### Prompt
The expected answer is a single number, namely how many lines in the data below hold the word "Snapshot".
━━ Supplied data
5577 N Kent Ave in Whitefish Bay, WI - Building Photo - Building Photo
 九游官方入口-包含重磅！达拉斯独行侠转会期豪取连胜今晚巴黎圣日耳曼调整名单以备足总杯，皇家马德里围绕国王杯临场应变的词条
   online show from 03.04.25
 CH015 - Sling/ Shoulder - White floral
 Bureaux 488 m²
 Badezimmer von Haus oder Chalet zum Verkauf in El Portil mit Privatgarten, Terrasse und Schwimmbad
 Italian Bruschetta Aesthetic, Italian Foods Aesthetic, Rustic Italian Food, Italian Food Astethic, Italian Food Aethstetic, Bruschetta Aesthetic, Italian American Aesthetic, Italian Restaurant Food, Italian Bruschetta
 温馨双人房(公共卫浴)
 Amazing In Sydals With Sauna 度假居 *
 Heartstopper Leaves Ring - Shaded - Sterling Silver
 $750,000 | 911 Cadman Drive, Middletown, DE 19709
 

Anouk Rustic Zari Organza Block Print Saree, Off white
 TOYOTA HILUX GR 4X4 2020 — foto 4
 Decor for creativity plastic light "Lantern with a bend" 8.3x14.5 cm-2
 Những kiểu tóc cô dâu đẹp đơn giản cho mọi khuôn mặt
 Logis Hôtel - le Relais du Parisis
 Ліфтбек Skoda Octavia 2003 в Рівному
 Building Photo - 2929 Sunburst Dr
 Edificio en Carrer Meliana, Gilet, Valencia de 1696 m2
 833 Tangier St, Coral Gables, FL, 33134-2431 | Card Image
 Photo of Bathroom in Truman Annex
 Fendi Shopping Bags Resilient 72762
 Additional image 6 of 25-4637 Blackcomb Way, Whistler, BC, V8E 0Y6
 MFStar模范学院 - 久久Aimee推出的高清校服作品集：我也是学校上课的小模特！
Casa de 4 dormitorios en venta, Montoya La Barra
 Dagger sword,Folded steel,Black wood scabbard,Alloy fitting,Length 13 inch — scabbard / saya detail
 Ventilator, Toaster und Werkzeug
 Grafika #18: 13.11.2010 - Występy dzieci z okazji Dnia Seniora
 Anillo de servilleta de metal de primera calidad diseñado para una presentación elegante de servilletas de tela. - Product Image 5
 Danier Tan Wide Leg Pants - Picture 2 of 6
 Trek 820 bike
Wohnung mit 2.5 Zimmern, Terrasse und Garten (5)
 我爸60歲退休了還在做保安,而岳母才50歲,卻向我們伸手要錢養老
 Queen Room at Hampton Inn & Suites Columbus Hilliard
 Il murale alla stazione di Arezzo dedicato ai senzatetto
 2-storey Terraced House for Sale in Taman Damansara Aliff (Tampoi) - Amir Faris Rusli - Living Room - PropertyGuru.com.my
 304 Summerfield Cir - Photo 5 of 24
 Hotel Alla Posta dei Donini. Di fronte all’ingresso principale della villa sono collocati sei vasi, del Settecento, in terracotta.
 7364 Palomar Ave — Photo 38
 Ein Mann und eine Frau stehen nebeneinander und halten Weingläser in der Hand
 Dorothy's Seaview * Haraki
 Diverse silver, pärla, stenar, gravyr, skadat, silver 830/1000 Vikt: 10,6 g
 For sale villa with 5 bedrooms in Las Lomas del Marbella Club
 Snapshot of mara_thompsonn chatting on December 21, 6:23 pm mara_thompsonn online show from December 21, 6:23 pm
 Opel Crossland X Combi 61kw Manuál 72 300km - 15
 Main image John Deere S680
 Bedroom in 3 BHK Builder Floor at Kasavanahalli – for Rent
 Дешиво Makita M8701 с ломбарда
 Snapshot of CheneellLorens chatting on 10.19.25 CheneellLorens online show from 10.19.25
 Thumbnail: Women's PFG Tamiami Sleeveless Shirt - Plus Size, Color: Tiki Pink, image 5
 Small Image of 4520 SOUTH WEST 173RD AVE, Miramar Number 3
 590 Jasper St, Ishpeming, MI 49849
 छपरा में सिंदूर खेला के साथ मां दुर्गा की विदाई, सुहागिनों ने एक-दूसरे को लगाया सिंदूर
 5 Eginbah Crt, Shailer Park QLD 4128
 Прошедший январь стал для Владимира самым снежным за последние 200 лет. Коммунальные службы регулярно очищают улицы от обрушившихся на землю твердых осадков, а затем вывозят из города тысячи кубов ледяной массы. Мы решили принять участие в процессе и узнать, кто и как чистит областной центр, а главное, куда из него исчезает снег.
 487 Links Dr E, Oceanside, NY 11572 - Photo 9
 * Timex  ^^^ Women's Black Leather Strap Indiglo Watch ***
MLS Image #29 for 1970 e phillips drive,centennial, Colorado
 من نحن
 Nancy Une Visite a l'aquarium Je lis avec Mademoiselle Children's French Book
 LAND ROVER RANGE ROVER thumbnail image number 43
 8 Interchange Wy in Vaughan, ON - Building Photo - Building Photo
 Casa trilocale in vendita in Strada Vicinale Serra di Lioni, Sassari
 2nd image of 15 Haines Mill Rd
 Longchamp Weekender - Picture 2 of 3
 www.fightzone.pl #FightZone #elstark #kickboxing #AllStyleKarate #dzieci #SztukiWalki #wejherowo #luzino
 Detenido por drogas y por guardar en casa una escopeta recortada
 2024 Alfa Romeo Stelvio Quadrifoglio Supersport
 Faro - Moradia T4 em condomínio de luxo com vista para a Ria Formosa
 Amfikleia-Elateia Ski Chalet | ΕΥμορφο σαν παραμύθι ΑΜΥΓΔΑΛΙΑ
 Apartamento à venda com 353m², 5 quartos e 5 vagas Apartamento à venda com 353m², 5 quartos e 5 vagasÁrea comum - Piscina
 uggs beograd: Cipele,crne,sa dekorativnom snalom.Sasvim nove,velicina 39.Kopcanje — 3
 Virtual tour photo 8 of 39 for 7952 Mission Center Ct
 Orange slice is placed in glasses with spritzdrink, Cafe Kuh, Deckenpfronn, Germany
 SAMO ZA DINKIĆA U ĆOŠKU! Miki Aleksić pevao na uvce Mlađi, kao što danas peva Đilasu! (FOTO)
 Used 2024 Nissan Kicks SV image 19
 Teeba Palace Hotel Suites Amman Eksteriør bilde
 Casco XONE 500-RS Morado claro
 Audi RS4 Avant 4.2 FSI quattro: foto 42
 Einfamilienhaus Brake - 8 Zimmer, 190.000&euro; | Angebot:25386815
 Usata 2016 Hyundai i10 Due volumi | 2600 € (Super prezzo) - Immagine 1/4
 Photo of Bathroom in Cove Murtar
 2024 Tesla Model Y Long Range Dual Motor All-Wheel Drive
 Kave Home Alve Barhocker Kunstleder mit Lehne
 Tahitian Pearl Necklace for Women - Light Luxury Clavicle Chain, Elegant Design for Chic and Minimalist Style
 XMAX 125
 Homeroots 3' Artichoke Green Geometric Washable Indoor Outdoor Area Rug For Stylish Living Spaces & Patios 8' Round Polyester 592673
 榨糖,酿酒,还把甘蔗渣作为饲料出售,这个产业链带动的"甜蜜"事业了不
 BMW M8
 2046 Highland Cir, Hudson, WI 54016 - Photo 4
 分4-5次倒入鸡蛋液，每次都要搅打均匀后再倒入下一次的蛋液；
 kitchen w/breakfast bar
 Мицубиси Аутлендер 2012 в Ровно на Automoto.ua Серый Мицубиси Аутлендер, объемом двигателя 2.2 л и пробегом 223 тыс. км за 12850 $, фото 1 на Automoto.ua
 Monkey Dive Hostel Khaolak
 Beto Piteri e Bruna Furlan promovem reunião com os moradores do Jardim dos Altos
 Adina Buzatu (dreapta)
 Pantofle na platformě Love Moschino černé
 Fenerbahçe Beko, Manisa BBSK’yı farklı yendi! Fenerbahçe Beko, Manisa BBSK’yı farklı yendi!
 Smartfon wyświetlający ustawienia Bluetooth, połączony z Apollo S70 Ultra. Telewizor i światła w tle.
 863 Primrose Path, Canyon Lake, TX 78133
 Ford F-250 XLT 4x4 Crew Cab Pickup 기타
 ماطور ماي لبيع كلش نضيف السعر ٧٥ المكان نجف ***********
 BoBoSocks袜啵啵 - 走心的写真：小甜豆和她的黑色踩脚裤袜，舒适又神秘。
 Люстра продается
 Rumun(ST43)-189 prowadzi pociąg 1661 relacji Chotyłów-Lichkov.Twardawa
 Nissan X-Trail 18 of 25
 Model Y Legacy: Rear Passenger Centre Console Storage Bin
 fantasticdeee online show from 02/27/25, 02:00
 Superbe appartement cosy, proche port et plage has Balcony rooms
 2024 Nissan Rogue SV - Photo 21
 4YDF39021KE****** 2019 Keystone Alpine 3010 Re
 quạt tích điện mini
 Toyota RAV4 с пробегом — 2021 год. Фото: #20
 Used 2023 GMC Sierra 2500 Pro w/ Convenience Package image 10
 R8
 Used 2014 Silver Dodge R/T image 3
━━━━
### Output of the exercise
2